Например, нужны инженеры, врачи, техники… Правление комбината делает заявку:
— Пришлите столько-то белых конвертов.
Или — «голубых», «серых», «желтых»… А там уже знают, кого нужно. Правда, из тюрьмы сразу не отправляли работать по специальности. Сначала те же инженеры и врачи проходили физическую и психическую подготовку: разгружали баржи, разбирали плоты круглого леса, вытаскивая бревна из ледяной воды, долбили в вечной мерзлоте котлованы для ТЭЦ.
Лишь после того как они хлебнули горького до слез, те из них, кто выжил, были без ума от счастья, когда им предоставлялась возможность работать по специальности, и радовались тому, что получают талон на 200 граммов каши и 150–200 граммов соленой трески.
Никому из них и в голову не приходило сетовать на то, что жизнь разбита, что пришлось покинуть, быть может навсегда, родные места, друзей, близких. За счастье считали, что не надо стоять на вахте, а затем весь день мучительно мерзнуть от безжалостной пурги и надрываться на непосильной работе.
Жили они, как и мы, в бараках за колючей проволокой, но у них, так называемых «лордов», в бараке было тепло и чисто.
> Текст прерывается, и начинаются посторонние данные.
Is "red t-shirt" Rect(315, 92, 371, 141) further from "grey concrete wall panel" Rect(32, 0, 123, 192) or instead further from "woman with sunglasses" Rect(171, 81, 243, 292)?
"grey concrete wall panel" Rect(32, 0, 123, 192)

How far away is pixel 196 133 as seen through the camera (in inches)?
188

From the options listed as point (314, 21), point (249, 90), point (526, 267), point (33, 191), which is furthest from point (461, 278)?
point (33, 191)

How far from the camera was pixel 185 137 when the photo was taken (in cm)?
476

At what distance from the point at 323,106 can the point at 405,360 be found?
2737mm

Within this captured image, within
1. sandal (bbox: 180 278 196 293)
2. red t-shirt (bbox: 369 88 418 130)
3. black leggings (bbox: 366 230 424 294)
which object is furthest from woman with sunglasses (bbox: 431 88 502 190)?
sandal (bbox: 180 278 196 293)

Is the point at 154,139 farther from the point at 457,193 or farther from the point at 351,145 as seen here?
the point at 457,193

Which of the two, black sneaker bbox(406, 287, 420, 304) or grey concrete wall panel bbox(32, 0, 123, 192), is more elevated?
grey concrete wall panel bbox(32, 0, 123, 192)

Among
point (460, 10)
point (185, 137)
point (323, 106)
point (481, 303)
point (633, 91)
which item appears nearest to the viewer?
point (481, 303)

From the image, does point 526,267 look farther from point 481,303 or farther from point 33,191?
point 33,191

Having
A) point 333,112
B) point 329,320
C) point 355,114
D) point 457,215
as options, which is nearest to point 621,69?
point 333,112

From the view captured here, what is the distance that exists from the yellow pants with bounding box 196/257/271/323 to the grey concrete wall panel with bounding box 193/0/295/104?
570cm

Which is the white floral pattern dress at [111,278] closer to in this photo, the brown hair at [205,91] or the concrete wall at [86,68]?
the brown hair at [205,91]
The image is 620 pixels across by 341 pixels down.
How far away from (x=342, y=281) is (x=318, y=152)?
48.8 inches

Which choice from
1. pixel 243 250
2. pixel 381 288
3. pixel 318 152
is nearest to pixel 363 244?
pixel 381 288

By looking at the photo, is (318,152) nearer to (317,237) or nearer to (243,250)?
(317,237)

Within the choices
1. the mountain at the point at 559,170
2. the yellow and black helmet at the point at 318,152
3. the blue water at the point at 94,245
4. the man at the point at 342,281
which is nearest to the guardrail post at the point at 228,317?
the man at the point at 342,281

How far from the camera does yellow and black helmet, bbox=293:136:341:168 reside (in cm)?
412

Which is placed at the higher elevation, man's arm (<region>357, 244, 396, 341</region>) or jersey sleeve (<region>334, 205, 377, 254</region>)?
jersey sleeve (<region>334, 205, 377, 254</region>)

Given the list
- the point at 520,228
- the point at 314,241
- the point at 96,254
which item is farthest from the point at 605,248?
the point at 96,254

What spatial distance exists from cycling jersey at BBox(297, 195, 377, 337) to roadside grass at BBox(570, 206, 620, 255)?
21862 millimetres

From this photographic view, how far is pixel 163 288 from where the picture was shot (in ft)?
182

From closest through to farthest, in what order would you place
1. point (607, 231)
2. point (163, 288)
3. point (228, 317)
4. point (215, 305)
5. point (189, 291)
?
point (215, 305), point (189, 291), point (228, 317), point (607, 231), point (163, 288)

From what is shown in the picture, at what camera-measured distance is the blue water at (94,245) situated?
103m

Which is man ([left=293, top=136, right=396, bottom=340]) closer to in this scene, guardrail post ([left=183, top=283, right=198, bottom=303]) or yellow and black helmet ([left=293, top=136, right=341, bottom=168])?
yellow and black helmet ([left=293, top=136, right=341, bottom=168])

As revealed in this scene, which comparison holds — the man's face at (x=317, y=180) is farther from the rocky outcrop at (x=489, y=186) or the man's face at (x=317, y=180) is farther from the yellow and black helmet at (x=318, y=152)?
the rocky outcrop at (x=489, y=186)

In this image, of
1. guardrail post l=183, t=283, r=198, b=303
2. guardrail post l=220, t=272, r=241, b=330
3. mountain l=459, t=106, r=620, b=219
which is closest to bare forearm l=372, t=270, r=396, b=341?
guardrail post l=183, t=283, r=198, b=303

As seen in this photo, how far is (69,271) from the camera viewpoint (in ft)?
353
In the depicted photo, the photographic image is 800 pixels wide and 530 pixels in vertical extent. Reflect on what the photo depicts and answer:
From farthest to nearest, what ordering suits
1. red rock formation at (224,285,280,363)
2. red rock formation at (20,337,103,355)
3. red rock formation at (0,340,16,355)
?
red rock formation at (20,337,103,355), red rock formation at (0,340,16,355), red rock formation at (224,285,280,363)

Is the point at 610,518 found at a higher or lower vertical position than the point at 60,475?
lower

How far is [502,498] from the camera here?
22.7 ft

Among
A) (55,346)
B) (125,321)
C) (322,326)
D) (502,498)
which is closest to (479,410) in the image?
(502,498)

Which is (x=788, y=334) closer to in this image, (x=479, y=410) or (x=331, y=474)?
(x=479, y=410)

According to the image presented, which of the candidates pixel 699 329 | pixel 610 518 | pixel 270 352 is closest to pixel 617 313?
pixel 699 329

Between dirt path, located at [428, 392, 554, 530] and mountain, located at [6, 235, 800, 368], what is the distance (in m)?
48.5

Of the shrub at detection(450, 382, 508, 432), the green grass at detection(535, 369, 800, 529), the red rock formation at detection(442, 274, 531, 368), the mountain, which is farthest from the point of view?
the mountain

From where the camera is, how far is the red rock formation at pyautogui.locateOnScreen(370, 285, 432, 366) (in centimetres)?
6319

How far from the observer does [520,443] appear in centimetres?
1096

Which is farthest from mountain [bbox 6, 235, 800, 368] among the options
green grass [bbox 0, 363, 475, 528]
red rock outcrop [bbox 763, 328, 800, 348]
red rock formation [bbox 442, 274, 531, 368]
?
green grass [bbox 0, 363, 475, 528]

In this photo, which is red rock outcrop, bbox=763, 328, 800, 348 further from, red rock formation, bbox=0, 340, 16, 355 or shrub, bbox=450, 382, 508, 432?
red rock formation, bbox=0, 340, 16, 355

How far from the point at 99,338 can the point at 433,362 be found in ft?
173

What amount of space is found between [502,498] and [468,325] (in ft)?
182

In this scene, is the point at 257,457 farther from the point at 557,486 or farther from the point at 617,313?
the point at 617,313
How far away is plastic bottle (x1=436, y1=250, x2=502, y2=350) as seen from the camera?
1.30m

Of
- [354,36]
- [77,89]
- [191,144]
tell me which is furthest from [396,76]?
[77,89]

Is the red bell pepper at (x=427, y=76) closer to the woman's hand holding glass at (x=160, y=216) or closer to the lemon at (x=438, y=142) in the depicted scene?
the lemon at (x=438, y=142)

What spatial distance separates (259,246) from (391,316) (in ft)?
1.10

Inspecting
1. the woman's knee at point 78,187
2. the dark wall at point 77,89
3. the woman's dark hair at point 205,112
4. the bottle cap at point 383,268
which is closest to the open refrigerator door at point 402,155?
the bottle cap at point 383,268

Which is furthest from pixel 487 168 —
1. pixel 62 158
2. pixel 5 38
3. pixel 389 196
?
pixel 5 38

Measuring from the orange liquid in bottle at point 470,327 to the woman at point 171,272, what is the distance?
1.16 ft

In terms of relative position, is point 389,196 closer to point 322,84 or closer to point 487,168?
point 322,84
Совсем другое дело — иметь одеяло и даже простыню, спать на тюфяке, набитом стружками (лагерный пуховик, «каждая пушина — полтора аршина»), а случалось, и на подушке из того же «деревянного пуха». Это не голые нары, где телогрейка — и тюфяк, и одеяло.
На вахте их считали совсем иначе. Они ходили по бригадному пропуску. У бригадира, тоже зэка, был список, и он отвечал за всех. Самые привилегированные имели индивидуальный пропуск, в котором значились место работы, часы и маршрут. Ну как не разбиться в лепешку, чтобы не потерять права на этакое благополучие!
Так обстояло дело с «засекреченными кадрами».
Мы, рабочие, тоже считались з/к, но для нас это слово расшифровывалось иначе — «заполярные казаки».
В царское время казаки с гордостью говорили:
— Граница империи Российской привязана к арчаку[7] казачьего седла!
С не меньшим правом, хотя и без особой гордости, могли сказать и мы, «заполярные казаки»:
— Граница, по крайней мере северная, привязана к хлястику телогрейки заключенного!
Не найти такой необжитой, угрюмой сторонки, где заключенные, замостив своими костями болота, не добывали бы из недр земли несметные богатства.
Мурманск, Воркута, Норильск, Магадан, Колыма — все это поднято из болот «заполярными казаками». Могилы их, огромные братские могилы, вырытые еще летом «про запас» в тундре, ничем не отмечены и никем не помянуты. Теперь их вообще вычеркнули из истории северного края. По «новейшим данным», его освоили энтузиасты-комсомольцы!